⟨

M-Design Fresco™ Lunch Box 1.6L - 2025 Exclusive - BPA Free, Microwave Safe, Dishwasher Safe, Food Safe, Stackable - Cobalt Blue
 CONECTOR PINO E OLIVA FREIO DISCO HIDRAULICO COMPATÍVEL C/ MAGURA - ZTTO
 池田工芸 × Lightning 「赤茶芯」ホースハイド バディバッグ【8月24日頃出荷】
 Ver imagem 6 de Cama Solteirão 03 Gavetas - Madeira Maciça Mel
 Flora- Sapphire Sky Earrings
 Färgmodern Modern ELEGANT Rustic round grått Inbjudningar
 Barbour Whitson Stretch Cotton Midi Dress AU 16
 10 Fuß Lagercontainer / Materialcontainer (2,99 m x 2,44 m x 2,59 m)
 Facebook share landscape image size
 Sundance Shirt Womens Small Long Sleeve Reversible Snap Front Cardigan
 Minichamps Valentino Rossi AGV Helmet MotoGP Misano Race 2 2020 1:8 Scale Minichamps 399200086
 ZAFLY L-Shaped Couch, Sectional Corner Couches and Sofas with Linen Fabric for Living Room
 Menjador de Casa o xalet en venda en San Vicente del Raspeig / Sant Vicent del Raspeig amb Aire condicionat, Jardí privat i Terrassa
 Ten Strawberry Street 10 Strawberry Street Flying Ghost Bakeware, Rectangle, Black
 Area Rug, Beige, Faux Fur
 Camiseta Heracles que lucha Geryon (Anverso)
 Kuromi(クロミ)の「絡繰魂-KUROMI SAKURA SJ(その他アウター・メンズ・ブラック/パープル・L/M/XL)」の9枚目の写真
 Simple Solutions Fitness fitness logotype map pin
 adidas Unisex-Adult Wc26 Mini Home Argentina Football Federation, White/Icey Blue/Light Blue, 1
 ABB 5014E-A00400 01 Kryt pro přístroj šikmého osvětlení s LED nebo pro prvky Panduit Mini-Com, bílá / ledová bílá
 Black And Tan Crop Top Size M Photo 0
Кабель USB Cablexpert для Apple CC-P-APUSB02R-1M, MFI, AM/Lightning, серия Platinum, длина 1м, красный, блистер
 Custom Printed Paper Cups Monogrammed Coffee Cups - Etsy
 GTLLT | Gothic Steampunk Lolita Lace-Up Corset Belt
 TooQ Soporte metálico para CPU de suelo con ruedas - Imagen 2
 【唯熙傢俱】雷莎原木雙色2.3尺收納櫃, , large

⟩

Work instruction ::
In the listing above, the lines from the one containing "Barbour Whitson Stretch" through the one containing "Minichamps Valentino Rossi" must be set down exactly, with no other lines.

Solution ::
 Barbour Whitson Stretch Cotton Midi Dress AU 16
 10 Fuß Lagercontainer / Materialcontainer (2,99 m x 2,44 m x 2,59 m)
 Facebook share landscape image size
 Sundance Shirt Womens Small Long Sleeve Reversible Snap Front Cardigan
 Minichamps Valentino Rossi AGV Helmet MotoGP Misano Race 2 2020 1:8 Scale Minichamps 399200086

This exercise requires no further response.